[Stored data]
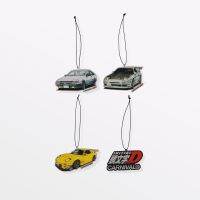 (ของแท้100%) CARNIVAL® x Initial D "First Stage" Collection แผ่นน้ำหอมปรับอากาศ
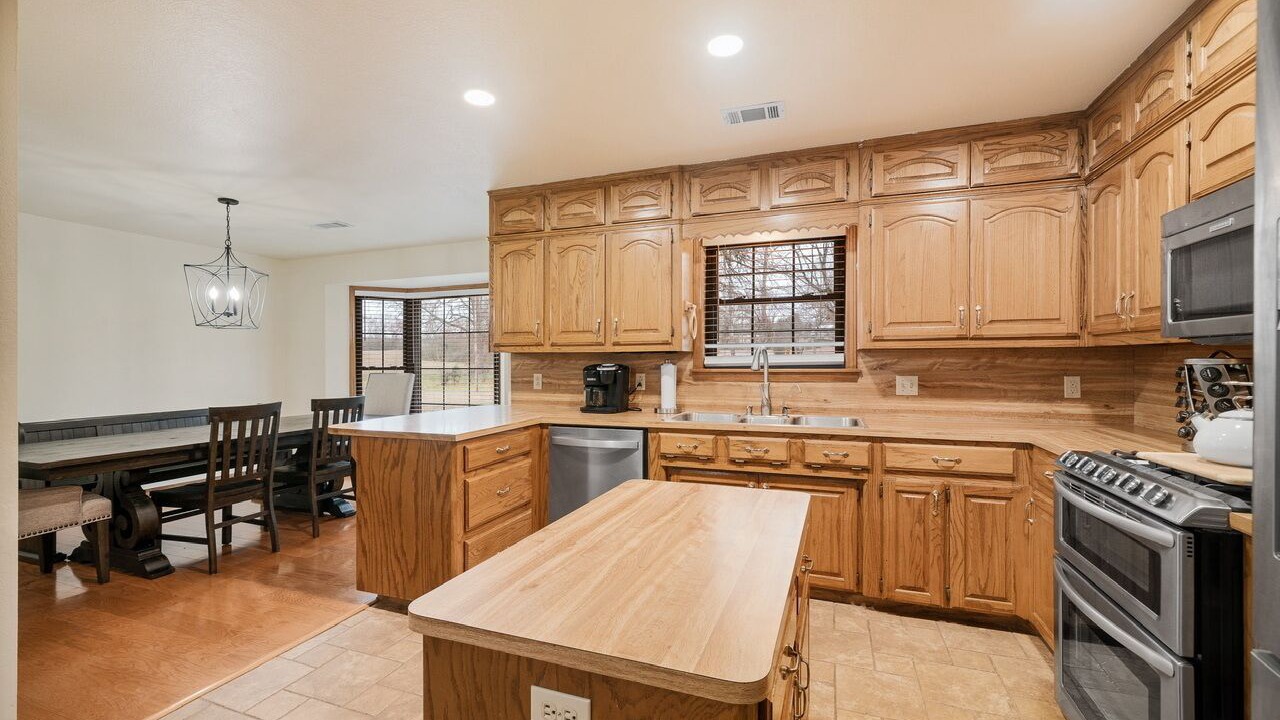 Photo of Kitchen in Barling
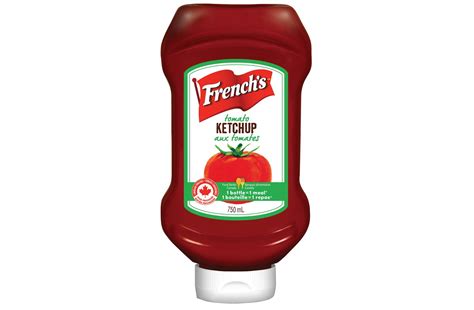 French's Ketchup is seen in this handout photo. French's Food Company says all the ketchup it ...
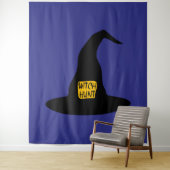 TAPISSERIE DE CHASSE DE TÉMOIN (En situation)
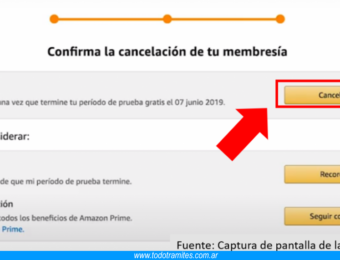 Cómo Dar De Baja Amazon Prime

Goal of the exercise:
Beginning with the line that contains "the ketchup it ...", write out every line through the last one in the records, exactly and without pictures.

Solved problem:
 French's Ketchup is seen in this handout photo. French's Food Company says all the ketchup it ...
 TAPISSERIE DE CHASSE DE TÉMOIN (En situation)
 Cómo Dar De Baja Amazon Prime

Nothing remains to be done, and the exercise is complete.